I should never have put those "dubious" pepperoni on my frozen pizza last night. I do it all the time. I put extra cheese and pork product on there to "beef" it up. Pepperoni, roast beef, ham, etc. Any kind of cheese I have in the fridge. Then, when it's cooked, I slather it with parmesan cheese and hot sauce.
Yumm ...
So anyway, I've been up the last eight hours, expelling liquides from every orifice in my body. I've even shed tears in the worst moments. My body did not like what I put in it last night.
Or should I say, earlier this night?
Don't worry, it's not real bad ... I'm just concerned about the dehydration. My cramps are minor; just enough to keep me awake and piss me off that I still ate that pepperoni even though some of them were discolored.
"I swear, your Honor, I picked all the putrid ones out and only ate the ones that still resembled the right color."
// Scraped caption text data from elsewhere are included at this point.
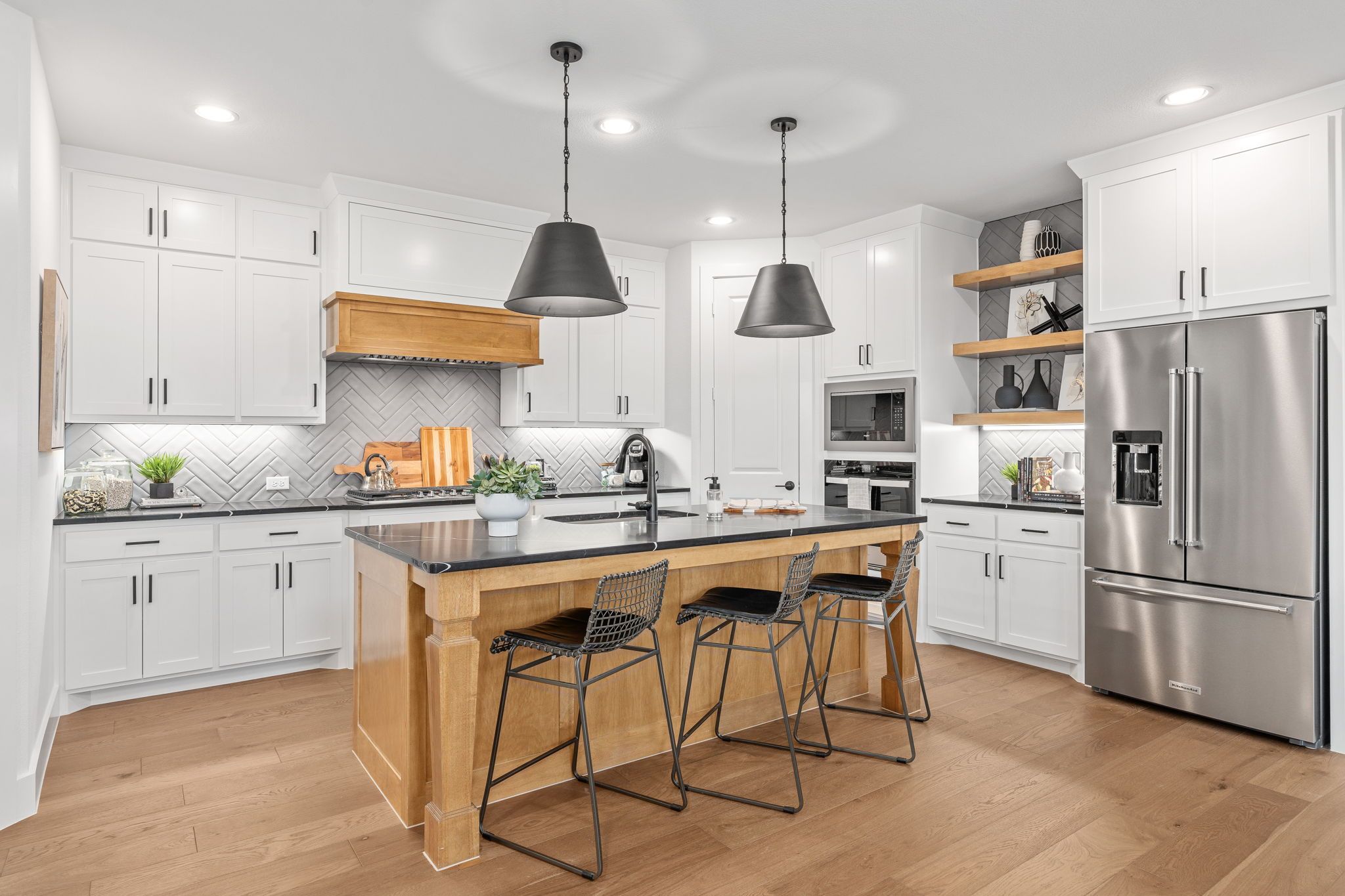 Spacious Kitchen – American Legend 40’ Model at Mosaic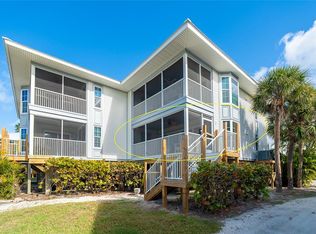 7446 Palm Island Dr Building 35, Placida, FL 33946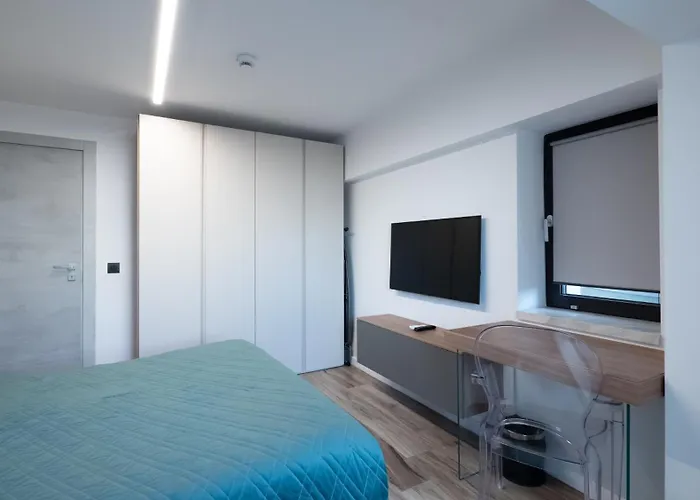 Novos Luxury 5* 부쿠레슈티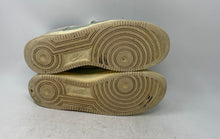 Load image into Gallery viewer, Nike Mens Air Force 1 '07 LV8 DO9801-300 Green White Sneaker Shoes Size 11.5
Lessons learned the hard way.
My insurance will probably deny my claim saying that my "predeliction towards pepperoni and other pork products constitutes a preexisting condition." I shall never give up my bacon, though. Never!!
Let this be a learning experience for you all. If you have the question whether or not the food is good or bad, you've already answered the question.
All it takes is one miss and you'll pay the Piper for all the times you came out lucky.